La richesse des collections accumulées par Louis et Jacques Cartier, que l’on peut voir rassemblées pour la première fois dans cette exposition, contribuent au renouvellement créatif de la Maison qui propose ainsi de nouvelles formes ou de nouvelles pièces d’inspirations orientales : les aigrettes, ces bijoux orné de plumes qui surmontent les turbans des souverains indiens et iraniens, les pompons, ces motifs utilisés en passementerie depuis le 17e siècle et qui sont ici réalisés en perles ou en métaux précieux pour agrémenter les bijoux (notamment les sautoirs) ; ou encore Bazubands, ces bracelets portés en haut du bras par des personnages de haut rang en Inde et en Iran, réalisés avec une technique qui apporte une nouvelle forme de souplesse aux bijoux dont va s’inspirer Cartier pour créer des pendentifs, montres, colliers ou autres ornements de corsage.
Avec l’étude de l’art islamique et l’inspiration qu’elle trouve dans ces objets, la Maison Cartier va donc innover à la fois en termes de création mais aussi de technique pour se développer et atteindre la renommée internationale qu’elle connaît dans la première moitié du 20e siècle et jusqu’à aujourd’hui.
La première partie de l’exposition se termine ainsi et je commence la visite du second volet consacré aux formes inspirées des arts de l’Islam qui ont marqué les collections de la Maison. Je découvre alors une série de pièces qui ouvrent cette section qui regroupe plus particulièrement des créations originales imaginées par la Maison. Ces bijoux (colliers, devants de corsage, broches, diadème) sont de style "guirlande". Un style inspiré de ceux de Louis XV et Louis XVI, avec notamment des enroulements végétaux, et agrémenté ici d’une touche de modernité avec des motifs géométriques évoquant les dessins arabes et orientaux issus des collections islamiques de Cartier. Tout en diamants et platine, ces bijoux sont incroyables de brillance et de détails.
Au fil de l’exposition, je découvre d’autres formes d’inspirations qui prennent leur origine dans les arts de l’Islam et qui, par une adaptation moderne et talentueuse des dessinateurs et artisans de la Maison Cartier, deviennent de vrais chefs-d’œuvre de préciosité. Parmi les motifs, on retrouve ainsi:
Jeux de briques : des bijoux ornés d’une alternance de pierres colorées et non colorées, inspirés des décors architecturaux iraniens.
Textiles : des motifs inspirés de fragments de textiles iraniens du 17e siècle repris sur les objets et bijoux.
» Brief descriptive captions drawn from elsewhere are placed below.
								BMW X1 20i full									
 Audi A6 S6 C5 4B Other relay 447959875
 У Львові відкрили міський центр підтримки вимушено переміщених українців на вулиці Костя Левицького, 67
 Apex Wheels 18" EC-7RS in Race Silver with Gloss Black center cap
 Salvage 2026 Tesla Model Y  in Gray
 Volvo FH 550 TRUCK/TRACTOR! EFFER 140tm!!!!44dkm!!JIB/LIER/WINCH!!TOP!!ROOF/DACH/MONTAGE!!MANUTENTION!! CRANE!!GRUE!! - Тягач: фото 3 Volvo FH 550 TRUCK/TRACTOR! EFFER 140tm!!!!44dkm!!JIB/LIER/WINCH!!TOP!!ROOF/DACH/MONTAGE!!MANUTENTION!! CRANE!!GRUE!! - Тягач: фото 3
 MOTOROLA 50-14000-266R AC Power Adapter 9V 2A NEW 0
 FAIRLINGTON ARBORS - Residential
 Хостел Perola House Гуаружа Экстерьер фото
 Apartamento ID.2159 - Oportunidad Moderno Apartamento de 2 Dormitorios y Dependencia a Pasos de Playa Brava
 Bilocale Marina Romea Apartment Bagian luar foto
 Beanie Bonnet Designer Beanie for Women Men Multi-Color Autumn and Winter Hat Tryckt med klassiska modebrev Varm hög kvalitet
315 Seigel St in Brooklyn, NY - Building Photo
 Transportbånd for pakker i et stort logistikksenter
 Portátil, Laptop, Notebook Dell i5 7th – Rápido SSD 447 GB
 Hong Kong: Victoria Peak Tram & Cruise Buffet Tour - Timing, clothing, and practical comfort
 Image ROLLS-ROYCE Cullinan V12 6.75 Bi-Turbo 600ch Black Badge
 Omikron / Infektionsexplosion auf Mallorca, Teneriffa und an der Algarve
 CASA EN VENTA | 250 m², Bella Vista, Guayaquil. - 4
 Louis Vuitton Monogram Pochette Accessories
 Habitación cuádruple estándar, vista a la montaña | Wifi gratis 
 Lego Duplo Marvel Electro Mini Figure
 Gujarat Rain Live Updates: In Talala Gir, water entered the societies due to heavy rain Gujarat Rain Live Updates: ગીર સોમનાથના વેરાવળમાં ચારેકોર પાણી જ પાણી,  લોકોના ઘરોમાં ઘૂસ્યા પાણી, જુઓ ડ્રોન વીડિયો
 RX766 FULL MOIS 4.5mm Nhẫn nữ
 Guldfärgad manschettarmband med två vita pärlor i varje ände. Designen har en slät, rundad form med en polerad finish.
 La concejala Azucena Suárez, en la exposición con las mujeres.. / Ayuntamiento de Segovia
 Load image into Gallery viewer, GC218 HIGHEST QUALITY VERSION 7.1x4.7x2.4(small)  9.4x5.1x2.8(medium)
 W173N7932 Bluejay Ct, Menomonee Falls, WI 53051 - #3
Le boteh : ce motif d’origine persane, apparu en Afghanistan dès le 9e siècle, a l’apparence d’une goutte à l’extrémité recourbée. On retrouve cette forme dans de nombreux bijoux Cartier, au début du 20e siècle comme dans une époque plus contemporaine.
Le motif « S » : le « S » est présent dans l’art islamique sous forme de nuages, notamment en Iran. On le retrouve par exemple sur des bordures de tapis. Il sera également repris chez Cartier.